The week before Eid is usually a very busy time for Muslims and preparation for the occasion only intensifies as the month of Ramadan comes to an end. In Malaysia, Muslims usually prepare the traditional dishes a day before Raya. On the day of Eid itself, Muslim Malaysians typically start the day by seeking forgiveness from family members, performing Eid prayer at home or the mosque and visiting the graves of passed loved ones.
In comparison to other Muslim countries or cultures, Eid-al-Fitr in Malaysia is seen as a month-long celebration and usually involves the popular Malaysian tradition of ‘open houses’. As celebrations may look different this year, here’s a guide on how to navigate a better and healthier Raya for the family:
Avoid going back for seconds
After an entire month of abstaining from eating and drink, many Muslims may take this time to celebrate with larger meals during the first week of Raya. There is no harm in indulging in the Raya delicacies as long as it is done in moderation.
A good health tip for Eid is to recognise when you are no longer hungry and to leave the dining table once you’re done with your meal. The aim should always be to reach the point of ‘no-longer-hungry’ as opposed to feeling full. As practised by Prophet Muhammad SAW, continue to eat in moderation during Eid and avoid only stopping once you are full.
Exercise portion control
Another Sunnah according to the Prophet Rasulullah SAW and a good way to avoid overeating and wastage is by exercising portion control. An easy way to practise portion control is by simply measuring out a meal using your hands.

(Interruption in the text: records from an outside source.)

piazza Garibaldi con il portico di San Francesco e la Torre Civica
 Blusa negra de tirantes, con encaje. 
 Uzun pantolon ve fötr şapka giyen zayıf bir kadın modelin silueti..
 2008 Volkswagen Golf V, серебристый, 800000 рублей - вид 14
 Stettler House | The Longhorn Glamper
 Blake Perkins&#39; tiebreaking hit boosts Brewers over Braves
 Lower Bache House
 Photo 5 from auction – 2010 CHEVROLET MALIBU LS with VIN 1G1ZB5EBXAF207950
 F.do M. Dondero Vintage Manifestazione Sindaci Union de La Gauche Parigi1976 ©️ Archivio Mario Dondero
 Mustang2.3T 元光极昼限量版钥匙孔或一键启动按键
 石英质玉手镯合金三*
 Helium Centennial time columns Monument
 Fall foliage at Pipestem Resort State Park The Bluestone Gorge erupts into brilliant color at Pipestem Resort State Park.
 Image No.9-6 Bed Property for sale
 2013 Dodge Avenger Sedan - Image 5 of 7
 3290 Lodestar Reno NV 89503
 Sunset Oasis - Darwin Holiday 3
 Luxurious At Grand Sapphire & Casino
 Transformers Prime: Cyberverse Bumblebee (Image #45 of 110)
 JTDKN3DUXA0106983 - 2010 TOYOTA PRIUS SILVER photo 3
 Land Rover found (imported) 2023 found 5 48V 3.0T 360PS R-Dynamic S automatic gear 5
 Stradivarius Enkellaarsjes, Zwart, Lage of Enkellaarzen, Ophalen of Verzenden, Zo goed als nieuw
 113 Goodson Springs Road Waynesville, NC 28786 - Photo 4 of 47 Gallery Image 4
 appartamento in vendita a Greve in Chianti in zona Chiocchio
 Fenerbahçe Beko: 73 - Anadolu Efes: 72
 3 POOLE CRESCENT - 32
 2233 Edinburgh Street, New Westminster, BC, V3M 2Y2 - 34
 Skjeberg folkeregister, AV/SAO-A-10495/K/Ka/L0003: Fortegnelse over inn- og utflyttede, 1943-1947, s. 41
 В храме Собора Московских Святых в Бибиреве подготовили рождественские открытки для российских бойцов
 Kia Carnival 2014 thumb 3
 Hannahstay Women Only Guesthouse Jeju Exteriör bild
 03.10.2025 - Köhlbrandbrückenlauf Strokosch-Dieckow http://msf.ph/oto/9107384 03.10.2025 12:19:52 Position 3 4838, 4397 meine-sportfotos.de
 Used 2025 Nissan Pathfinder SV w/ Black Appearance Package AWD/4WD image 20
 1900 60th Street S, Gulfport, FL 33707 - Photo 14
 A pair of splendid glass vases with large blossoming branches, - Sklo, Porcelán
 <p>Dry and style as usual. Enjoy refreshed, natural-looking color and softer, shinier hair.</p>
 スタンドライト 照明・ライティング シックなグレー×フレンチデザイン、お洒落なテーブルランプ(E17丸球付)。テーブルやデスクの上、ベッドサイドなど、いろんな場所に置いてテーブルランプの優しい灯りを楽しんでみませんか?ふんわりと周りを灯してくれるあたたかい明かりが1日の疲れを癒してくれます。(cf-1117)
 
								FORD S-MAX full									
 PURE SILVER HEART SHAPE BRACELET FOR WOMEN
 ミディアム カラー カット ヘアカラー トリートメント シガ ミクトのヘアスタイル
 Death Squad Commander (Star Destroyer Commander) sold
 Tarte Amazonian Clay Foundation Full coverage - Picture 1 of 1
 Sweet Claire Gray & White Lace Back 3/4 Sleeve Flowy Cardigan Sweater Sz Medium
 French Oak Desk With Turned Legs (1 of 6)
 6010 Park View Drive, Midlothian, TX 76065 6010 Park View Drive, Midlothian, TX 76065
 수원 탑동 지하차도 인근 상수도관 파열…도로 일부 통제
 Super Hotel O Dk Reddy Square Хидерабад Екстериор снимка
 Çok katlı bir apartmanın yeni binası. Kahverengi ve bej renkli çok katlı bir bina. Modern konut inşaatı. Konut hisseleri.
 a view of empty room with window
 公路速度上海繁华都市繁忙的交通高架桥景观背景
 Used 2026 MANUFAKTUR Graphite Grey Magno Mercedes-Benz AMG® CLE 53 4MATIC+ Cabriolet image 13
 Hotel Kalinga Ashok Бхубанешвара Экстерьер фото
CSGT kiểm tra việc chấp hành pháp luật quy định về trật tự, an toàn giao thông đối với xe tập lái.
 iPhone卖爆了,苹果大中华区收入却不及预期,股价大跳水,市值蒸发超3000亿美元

Each meal should include:
Protein such as chicken, fish or beans: a palm-sized portion for women or two palm-sized portions for men
Vegetables: a fist-sized portion for women or two fist-sized portions for men
Carbohydrates such as rice or starchy vegetables such as potatoes: a cupped hand portion for women or two portions for men
Fats such as oil or peanut sauce: a thumb-sized portion for women and two thumb-sized portions for men
You can also practice healthy eating by using small dinnerware and consciously choosing to sit closer to healthier options around the table to avoid the inclination to overindulge.
Blood glucose monitoring
For diabetics Muslims, the change in daily schedule from the fasting month to the month of Eid may have a large effect on the body. Any person with diabetes should take extra measures to closely monitor their blood glucose levels once Eid falls. Overeating sweet foods during Raya may drastically increase blood sugar levels in the body.
Keep note of the symptoms of Hyperglycemia (high blood glucose):
- Frequent urination
- Increased thirst
- Blurred vision
Signs of dehydration:
- Extreme thirst
- Dark-coloured urination
Do seek advice from a medical professional to obtain guidance on the readjustment of any diabetic medication following the end of Ramadan.
Eid food at home
Other than focusing more Raya activities in your own home, a good way to ensure the safety and health of the family is by avoiding eating out at restaurants or ordering in through food delivery companies. This also includes steering away from open houses and visiting relatives close by.
By making homemade meals, you and your family can use healthier ingredients, keep track of calories and salt intake and save money in the long run.
Plan for Eid prayer
Eid prayer is a significant and meaningful part of the Raya celebration in Malaysia. Muslims looking to perform the Eid prayer at the mosque are advised to keep up to date with the latest regulations and requirement as outlined for each state in the country.
If prayers are allowed in your local mosque, do remember to practise social distancing, register your details at the local masjid and ensure that you are in healthy condition before going to the mosque.
Increase exercise levels
After an entire month of reducing rigorous activities and exercise, the start of Eid is the best time to gain back your momentum for exercising. While it may be tempting to only focus on the Raya food and relaxation, you can also take the time to schedule some exercise or simply make an effort to keep moving. Eid celebrations tend to include many social obligations and if you are not able to start with a workout routine, you can keep active by walking more and keeping up with house chores.
Prioritise Your Health
Although food plays a major role in our Raya celebration, it’s important to focus on the true spirit of this religious holiday by spending time with family and appreciating the strength provided by the Almighty for the month before. In the long run, the health choices we make during Eid can be carried forward to the rest of the months and even help you prepare for a better Ramadan and Eid-al-Fitr for the years to come.